1. What is your opinion of the Three Chief System?

The three chief system was working until we got a lot more funding, a lot more things to do.  For years people wanted us to change it…so we tried to do a constitution.  I was on that committee for a while.  Leonard Garrow was on there, and one of the things he said was to keep it simple, but nobody took his advice.   They made it difficult to do and people don’t seem to read anything that’s too long.  So the constitution people worked on it for years, and it always got stuck over the membership, because we always went with the father’s side.   And then in 1986, ‘85,  we had a vote.  Vote was 93 to 96...no, 91 to 93, and it passed by 3 votes.  So to me the membership code still wasn’t clear and it still could be…the chiefs could even say who could be put on our rolls.  They had final say so we didn’t have any balance of power.  So when the constitution came, it was time for a vote.  I went and voted against it, because I thought the community wasn’t ready for it.  Knowing how the membership went through, and people were still bickering over it, so then the same thing happened with the constitution.  Now I could kick myself!  I should have voted yes.  Maybe it would have stayed.  (Laughs.)  But I was working with the constitutional government, I found that it had a good thing to have, with balance there, where it was not just…two chiefs doing anything they want…the two chiefs always got away with it.  So then that’s a part I didn’t like.  To me, it was three voices, they should have been in a back room arguing it out and then come out  with three to make it one.  Some of them, they would even have a fistfight in the back room!  So now, I would like to see the constitution back in place, but I’d like to see if the community is ready for it, and I still don’t think they are.  They have to study it a little bit more, but then we always have a group that…they don’t believe in our system, but they’re always in there interfering.  Like what happened with the first meeting I went to, what was it about three weeks ago?  Saturday?  Now that I’m not clerk…I want to ask her, why is she interfering in our business when she doesn’t believe in it?  They just come in and stir up the…I’m not going to use that word I like to use! (Laughs.)  Stir up the…you know!  So anyway… I just don’t know how you could get it to people.  Some people don’t even…you send them the information, they don’t even read it.  And then they cry because they didn’t know about it.

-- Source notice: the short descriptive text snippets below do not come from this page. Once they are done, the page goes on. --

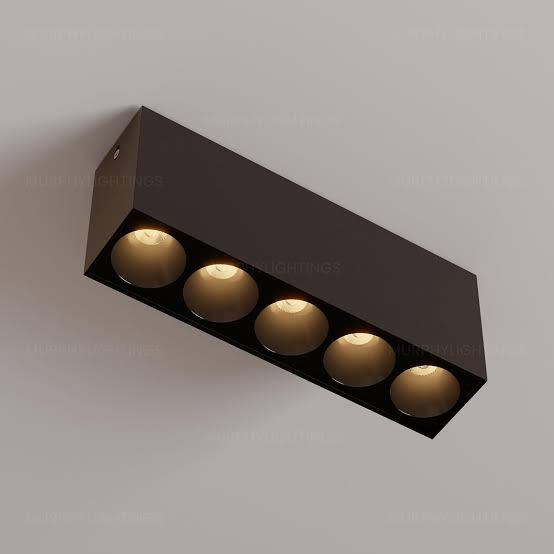 WhatsApp Image 2025-02-04 at 2.38.20 PM (1)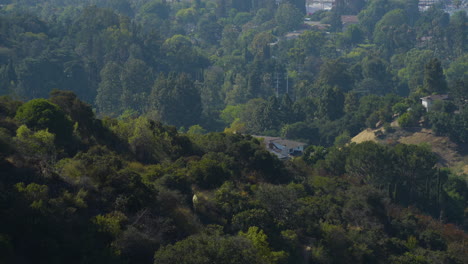 Stationary-shot-of-tree-covered-hill-side-in-Hollywood-Hills-Southern-California
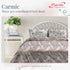 Carmic King Size 100% Cotton Bedsheet with Pillow Covers by Florida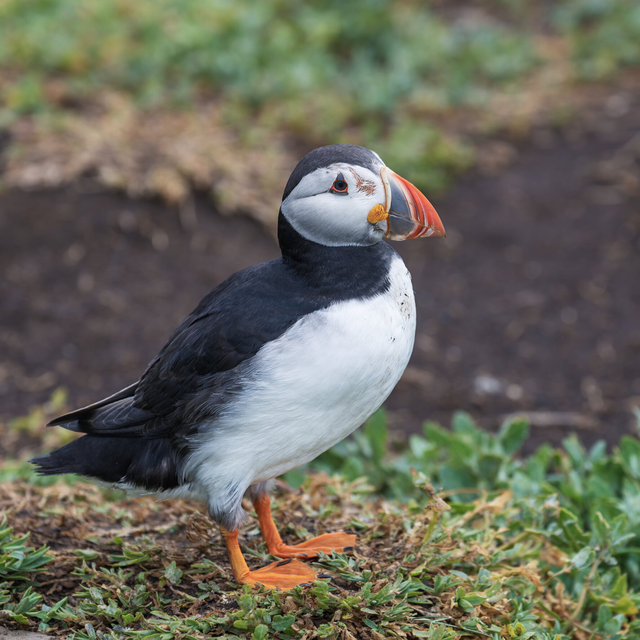 Farne Islands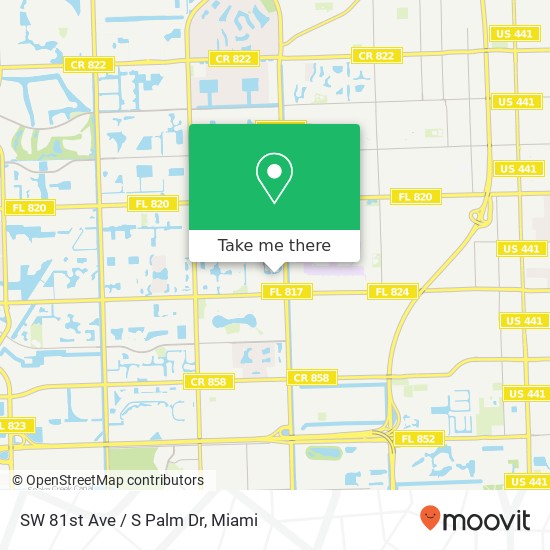 SW 81st Ave / S Palm Dr map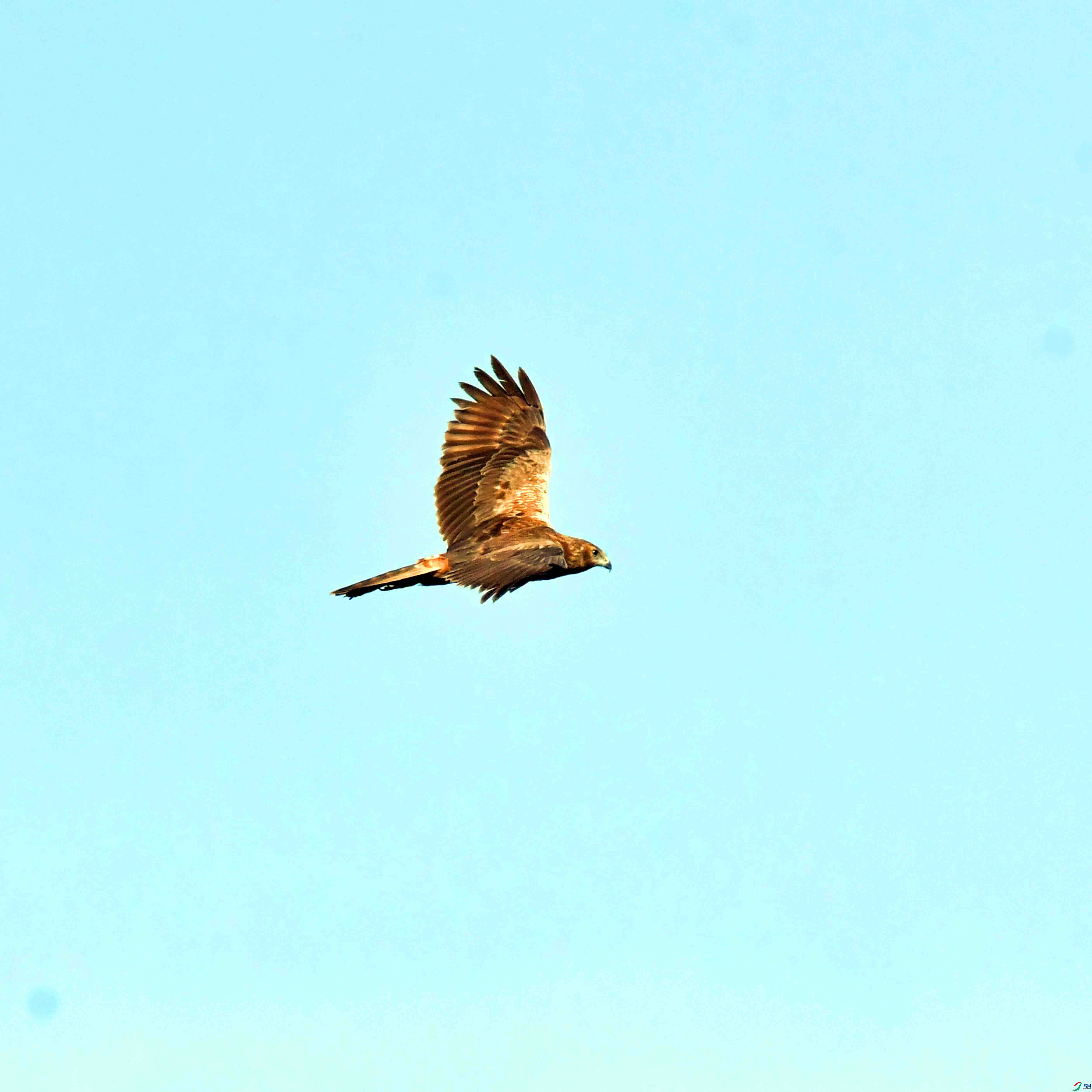 DSC_8182.JPG
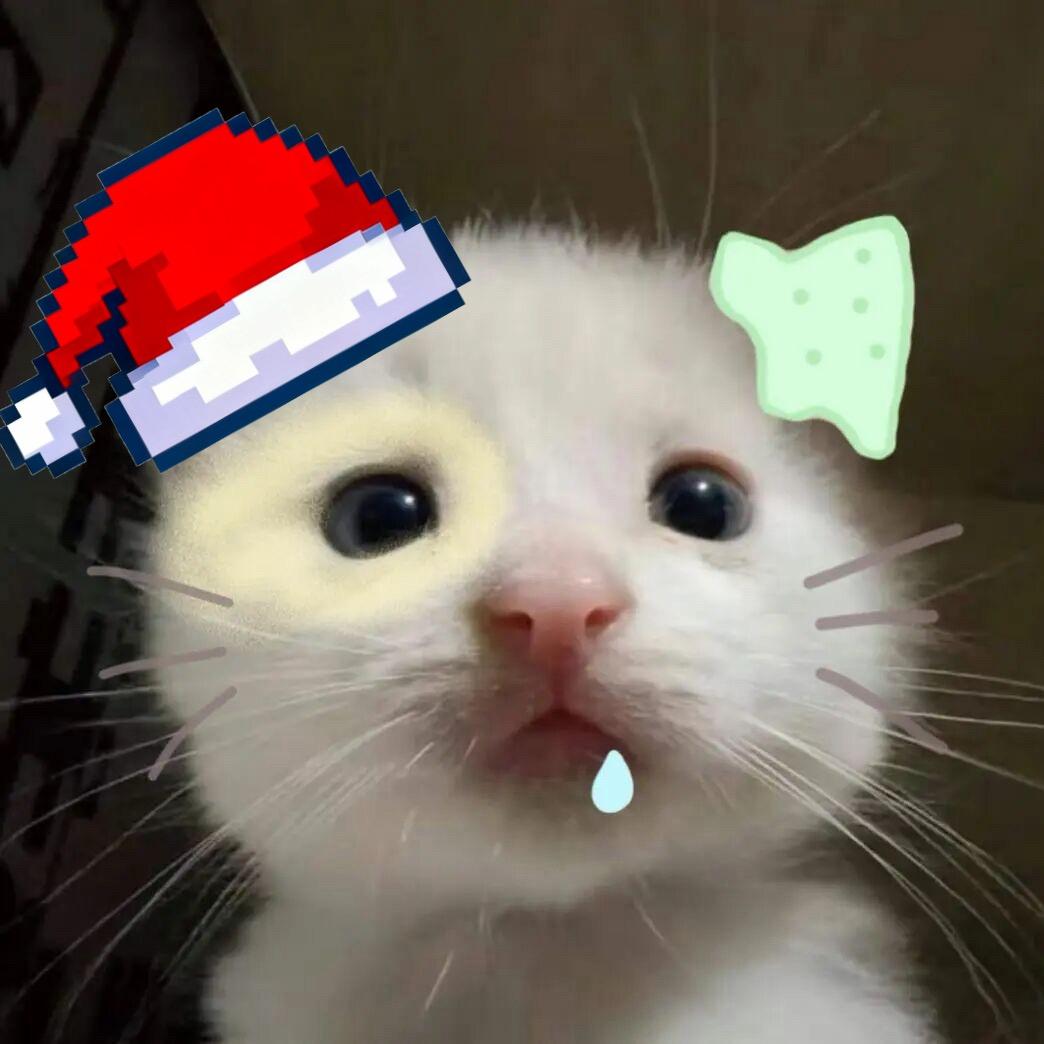小龟^ ^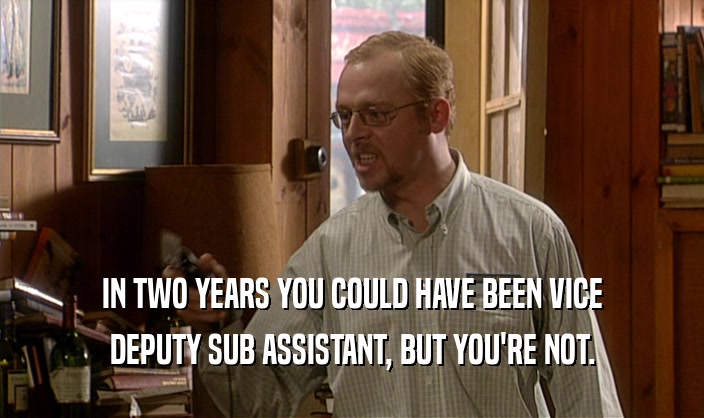 IN TWO YEARS YOU COULD HAVE BEEN VICE
 DEPUTY SUB ASSISTANT, BUT YOU'RE NOT.
 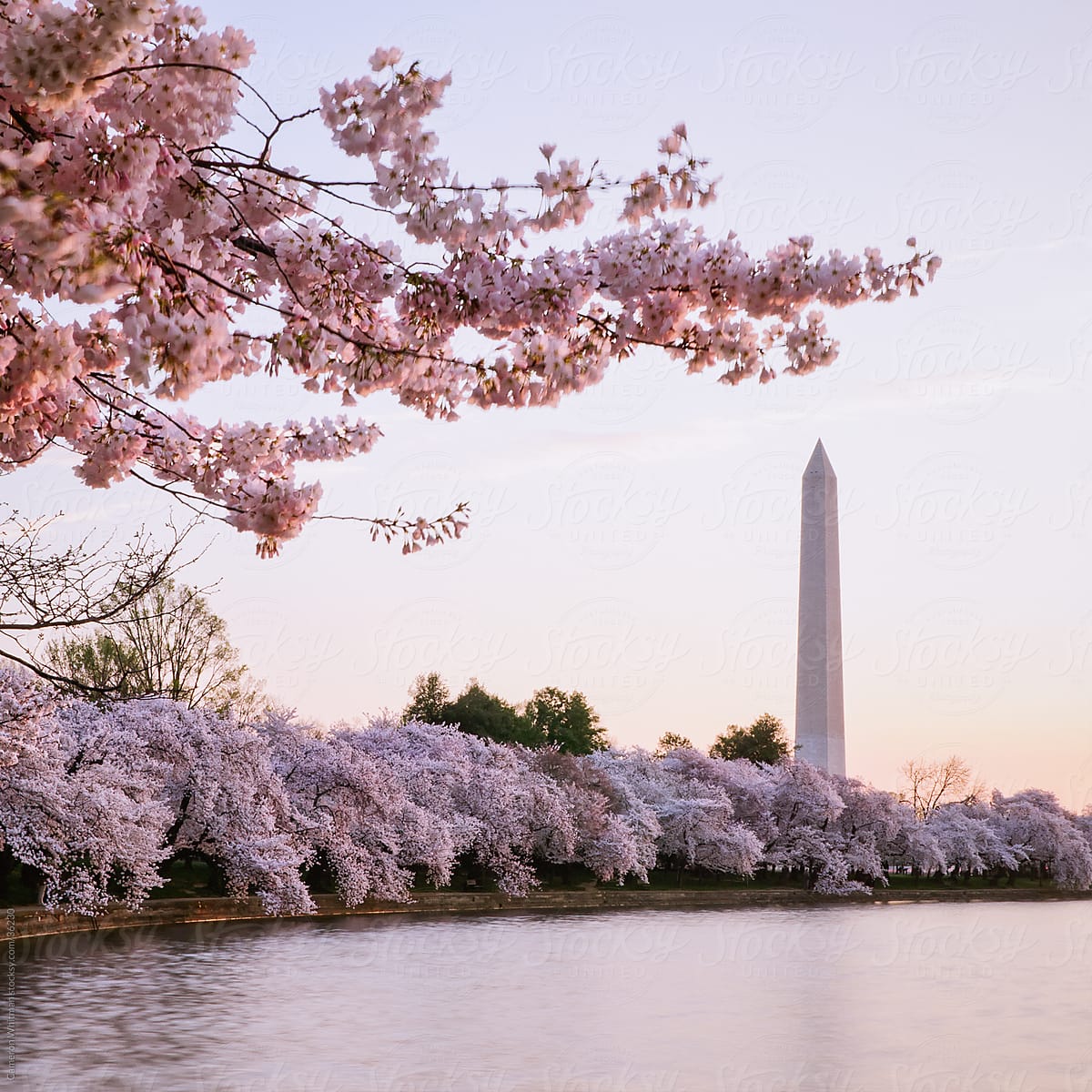 Cherry Blossom Sunrise With The Washington Monument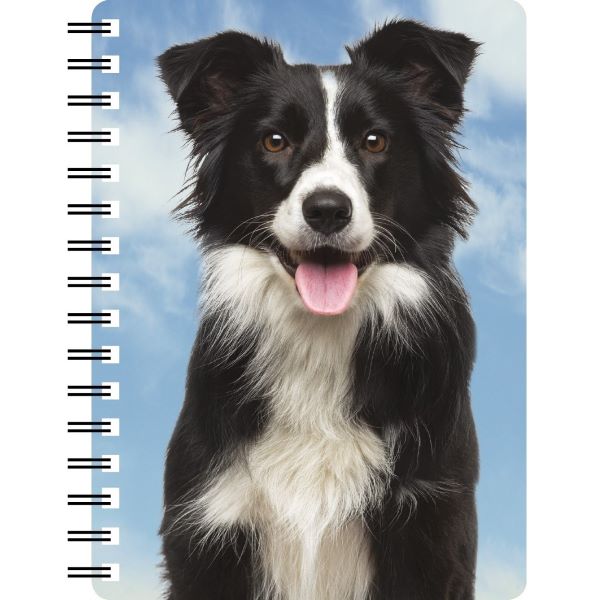 3D Border Collie Notebook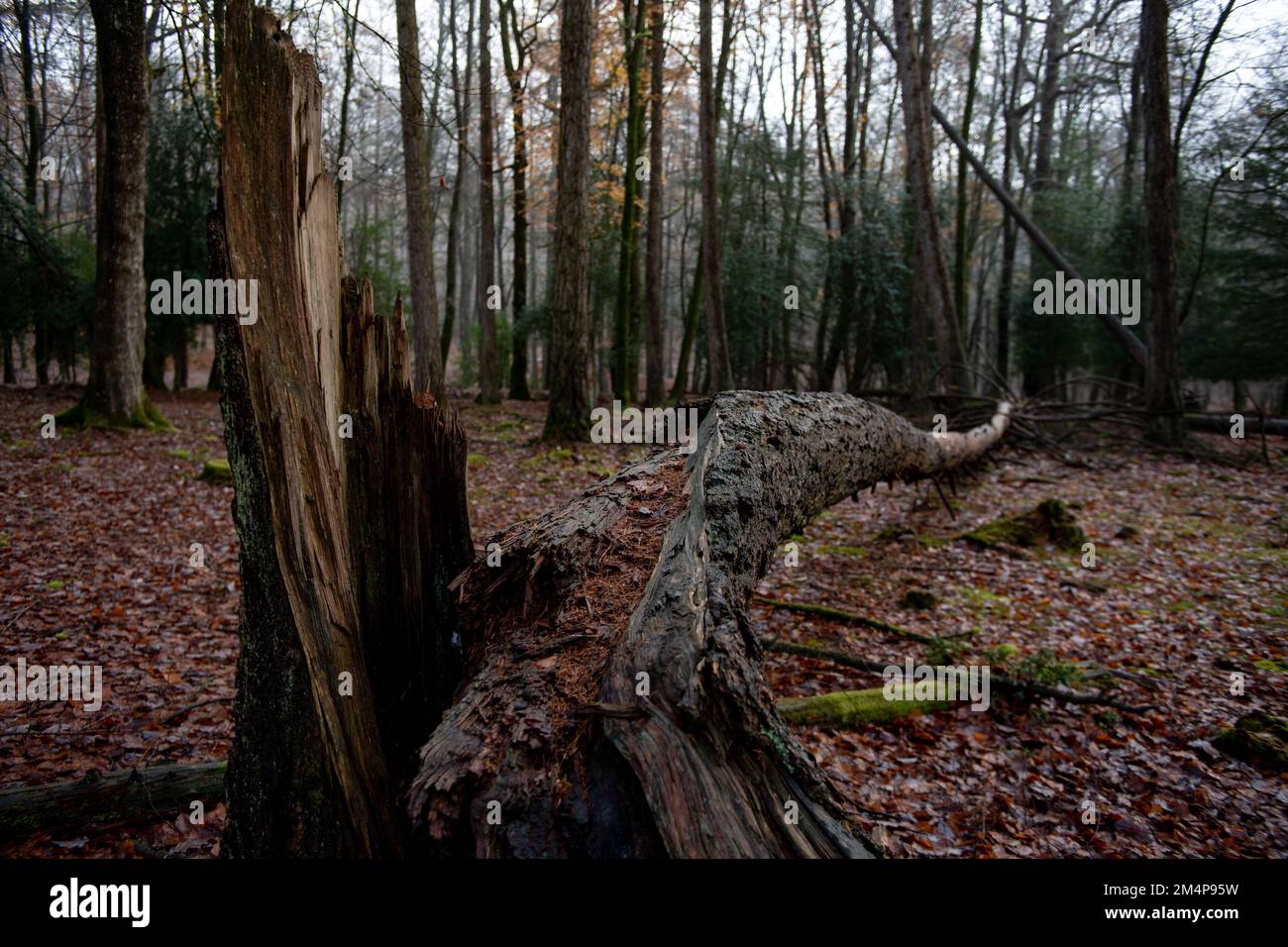 A large fallen tree in the New Forest Hampshire UK split from the trunk. Stock Photo
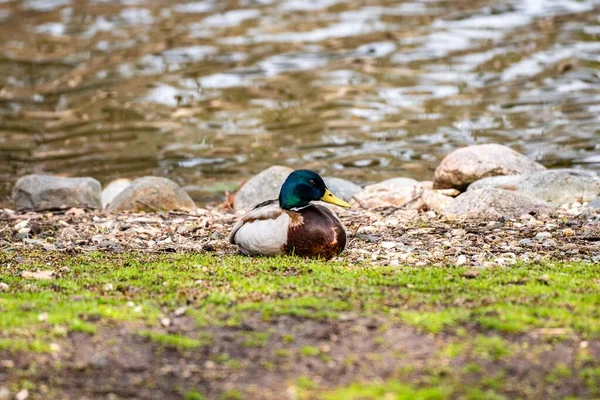 一只雄性野鸭的特写镜头 它坐在池塘边的地上 — 图库照片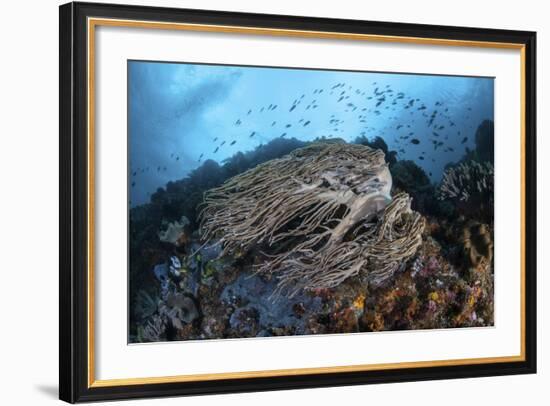 Strong Current Sweeps Along a Reef Slope in Indonesia-Stocktrek Images-Framed Photographic Print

2. What is your opinion of the 1995 Tribal Constitution?

I’d like to see that 51% taken out of there.

Do you remember why that was put in?

No because…people wanted that out. It was at that committee meeting, they had their hearings.  They didn’t listen to some of us. 

Were you on the committee back then?

No, I quit after a while, because it came to be quite a hassle…new people come in, the new ideas, and didn’t want to listen to older ones, so I just dropped out.  I had too much to do anyway.  But that was back in the early ‘80’s I guess.  

3. Briefly describe your involvement in tribal politics as it relates to the Tribal Constitution.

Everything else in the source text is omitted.